MPs say Home Office remains complacent despite Windrush
The Guardian carries details of a new report by the Commons Public Accounts Committee which finds that the Home Office remains complacent about ‘systemic and cultural problems’ despite the Windrush scandal and is making ‘life-changing decisions based on incorrect data’. It accuses the department of doing ‘as little, rather than as much, as possible’ to help those affected by its actions.
Corbyn’s office accused of intervening in antisemitism investigations
The Daily Telegraph says it has been told by a ‘former Labour official’ that ‘senior allies’ of Jeremy Corbyn routinely intervened in antisemitism investigations, with a leaked email showing that senior aides Seumas Milne, Katie Murphy and Andrew Murray had been copied into one case. Labour dismissed the claims as ‘malicious lies from a disgruntled former employee’, adding that Corbyn’s office had been asked to help clear a backlog of cases.
Chief Whip warns MPs could force soft Brexit
According to The Sun, the Chief Whip Julian Smith has warned the Cabinet that if Theresa May’s Brexit deal is rejected next week, MPs may take back control from the Government and force the UK into a softer Brexit and a customs union with the EU, through an extension to Article 50 followed by an ‘indicative vote’.
Hatton attends event with shadow cabinet members days after suspension
The Times reveals that Derek Hatton, who was suspended from the Labour Party over antisemitism allegations just days after being readmitted, attended a fundraising event in Liverpool alongside three shadow cabinet members within a week of his suspension. He was pictured sharing a table with the Labour Mayor of Liverpool City Council, Joe Anderson.
Independent Group in talks to form political party
The Daily Mirror reports that the Independent Group has confirmed that it has held talks with the Electoral Commission about forming a political party, although it has not set a ‘specific timeframe’ for doing so. Group spokesperson Chukka Umunna confirmed that the group wished to field candidates in the next general election.

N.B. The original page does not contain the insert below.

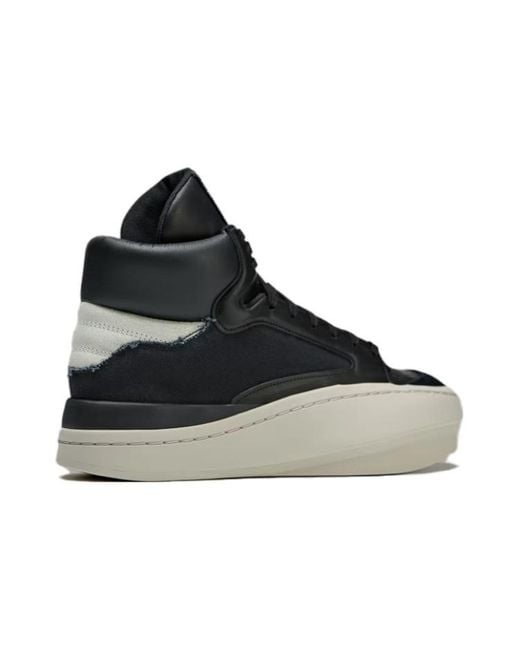 Adidas Black Y-3 Centennial High Off' for men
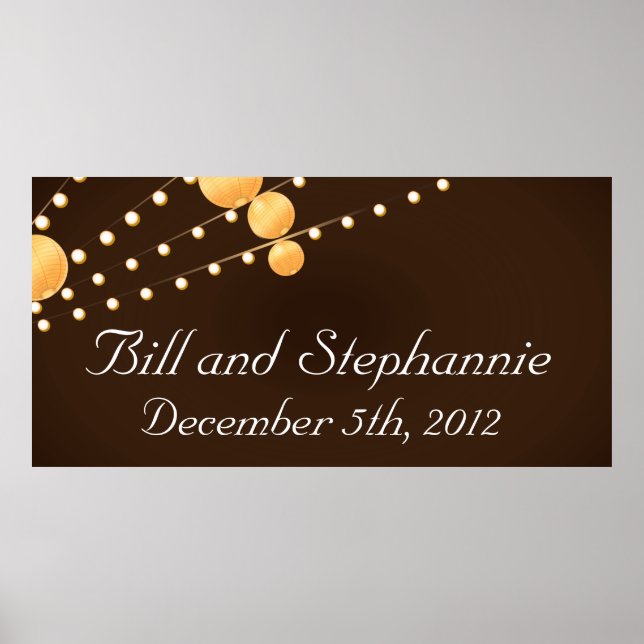 22.5"x7.5" Personalized Banner Paper Lanterns Brow Poster (Front)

New plan to tackle potholes targets utility firms
The Times reports that the Department for Transport is to unveil new plans to tackle potholes. Under the new policy, utility firms will be forced to maintain roads for five years after they dig them up, rather than two years as at present. New standards will also compel them to use tougher asphalt which is less prone to potholes.